Monday, August 1, 2011

Steve Perlman’s white paper explains “impossible” wireless tech | VentureBeat

With the caveat that when a talented engineer says something is "impossible," it means the speaker honestly believes something cannot be done, because "we cannot, with our known technology, do so." That might not be the same thing as saying "nobody else can do this." That might be the case for a new mobile bandwidth grooming approach championed by
Steve Perlman, who believes a different approach to bandwidth management could exceed "Shannon's Law" by about an order of magnitude.

Shannon’s Law is a rule of thumb about the theoretical capacity of any communications channel. But some might quip that "Shannon was wrong."

Perlman’s “distributed input distributed output” technology allows each wireless user on a network to use the full data capacity of shared spectrum, simultaneously with a bunch of other users. It claims to do so by eliminating interference between users sharing the same spectrum.

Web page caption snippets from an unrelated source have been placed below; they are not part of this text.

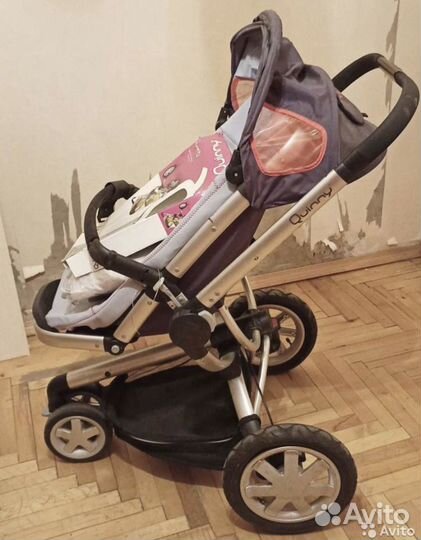 Коляска в идеальном состоянии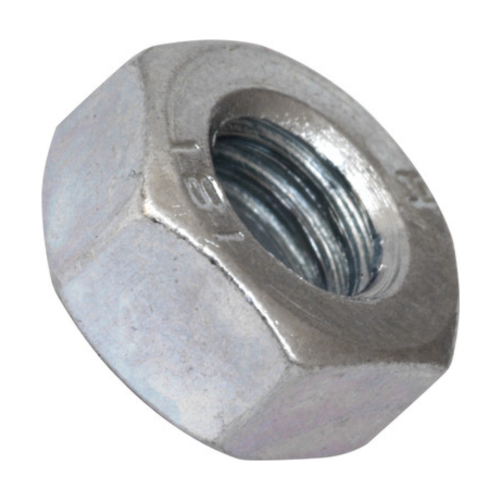 Forgefix ZP Hex Nut M10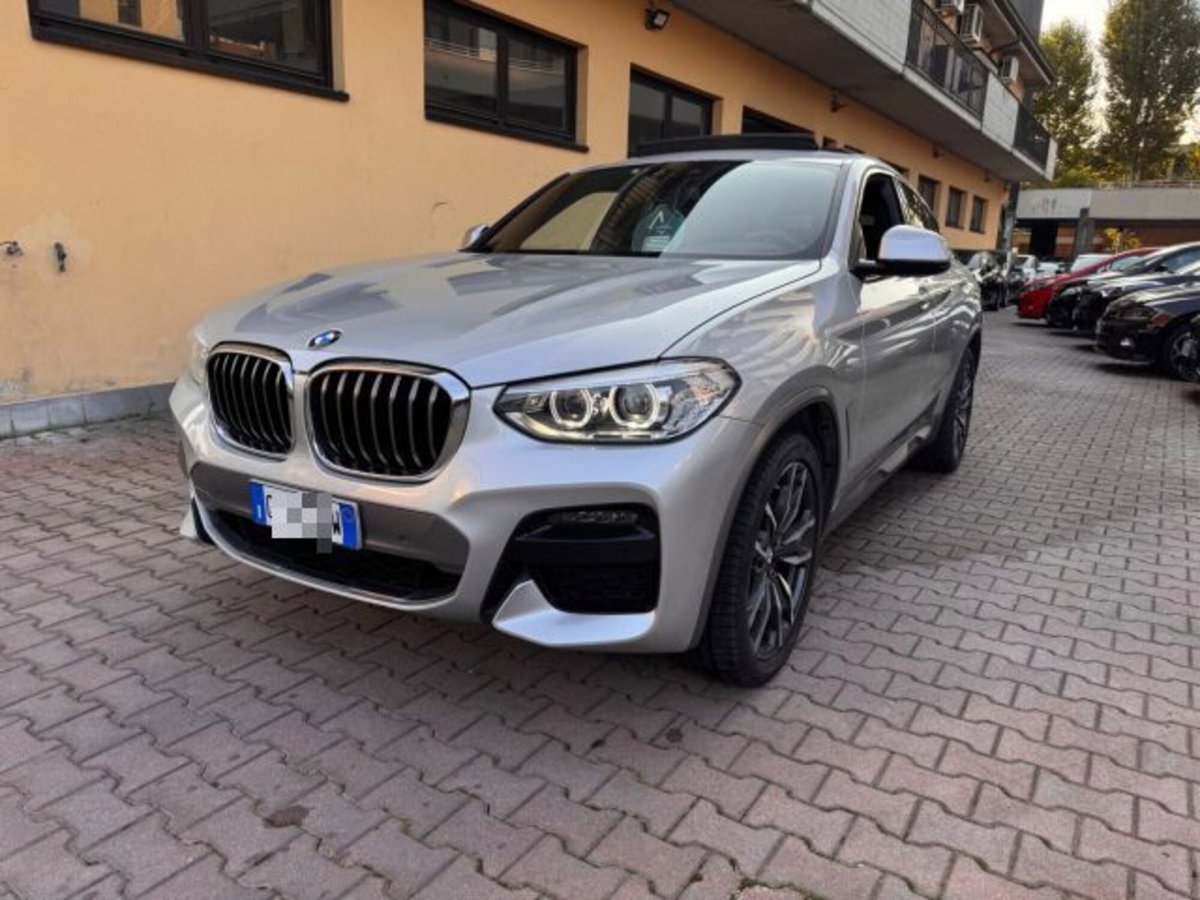 BMW X4 xDrive30d 48V 249CV Msport-X (2)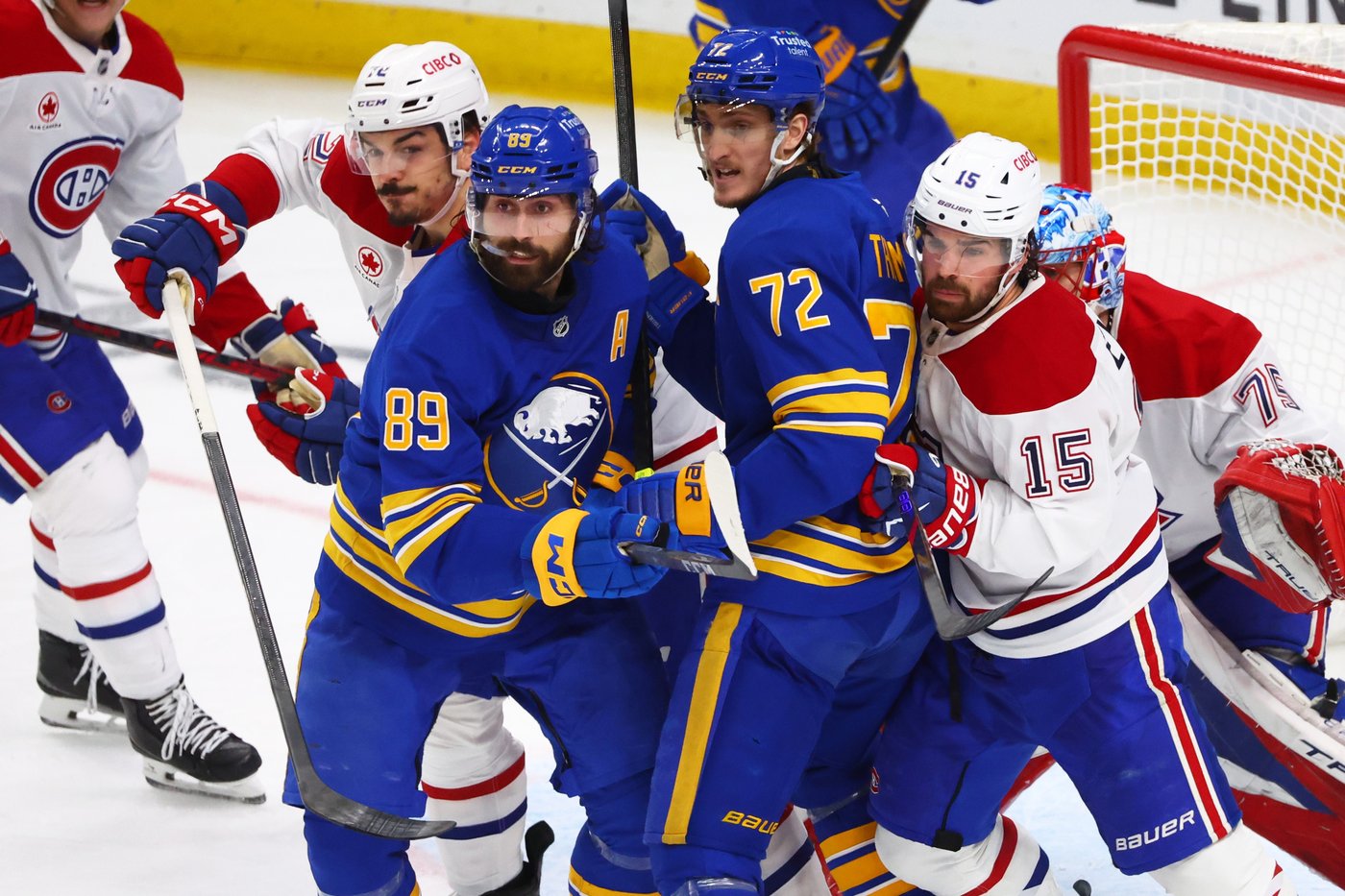 Canadiens say 'win one' is sole focus for tonight's Game 7 showdown with Sabres | iNFOnews.ca
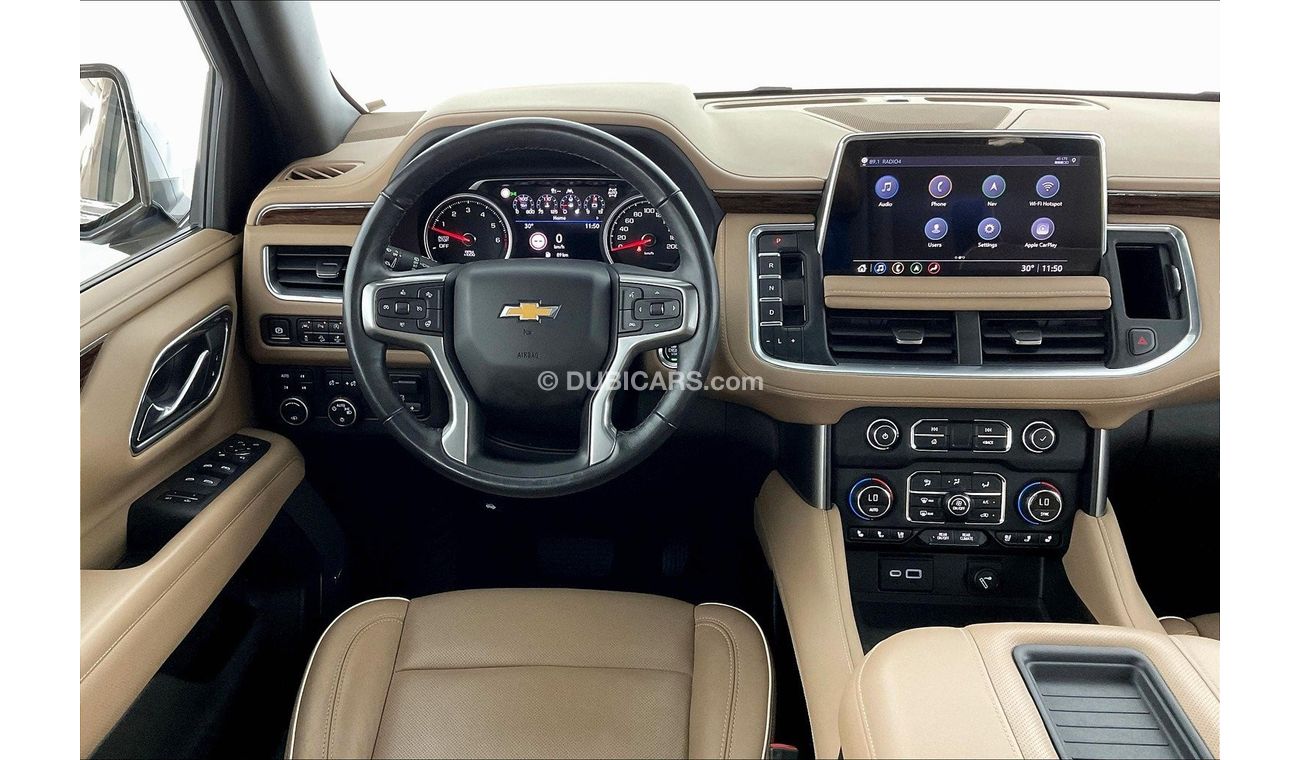 Chevrolet Tahoe Premier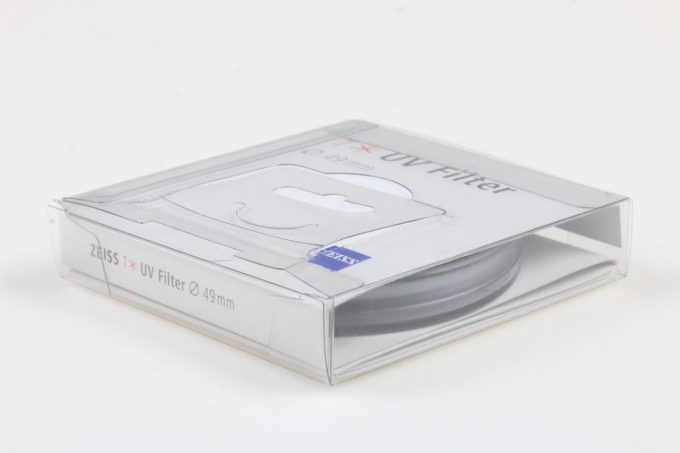 Zeiss CARL ZEISS T* UV Filter - 49mm - Image 2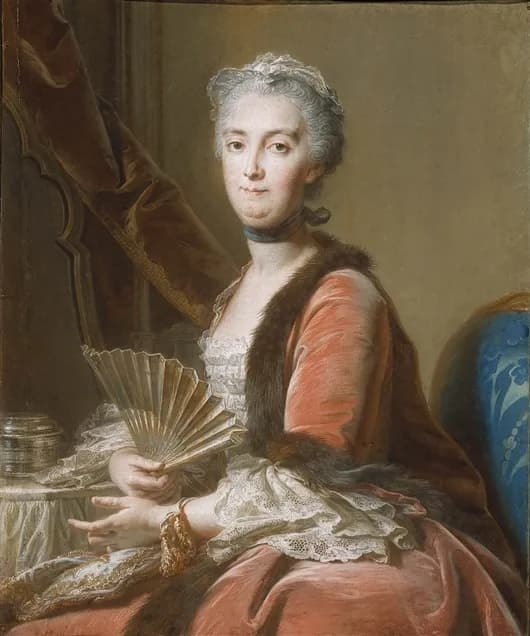 Anne Marie Louise Nicole de Lamoignon de Blancmesnil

Critics will say it violates the laws of physics. But some of us have heard the best engineers in a field say such things in the past, only to be proven wrong. I was once at a meeting of top engineers from the broadcast and cable TV industry hear a proposal from Telecommunications Inc. (TCI) that would allow delivery of high-definition television in 6 megahertz of bandwidth. The room essentially exploded into disbelief, as the current proposals then in circulation suggested it would take 20 MHz to deliver HDTV.

As it turned out, TCI was right, and HDTV now is delivered in 6 MHz.

On another occasion, I was quietly informed by some very senior Bell Laboratories engineers that an analog fiber optic access network "could not" deliver 40 cable TV signals, as cable industry engineers were saying was a minimum requirement for cable network fiber optic access systems. The reason for the belief was that lasers capable of doing so could not be produced.

As it turns out, it was entirely possible to produce lasers with characteristics that would allow delivery of 40 channels of analog TV on a single laser, at reasonable distances. When those engineers said "it could not be done," what they meant was that "we cannot do so."

That doesn't mean that all such "impossible feats" actually result in commercially-significant deployments. But one has to translate. When somebody says "something cannot be done," that sometimes only means "we cannot do that." There's a big difference. Sometimes, the smart guys just aren't aware that somebody else might be able to do something formerly regarded as "impossible" or a violation of the laws of physics.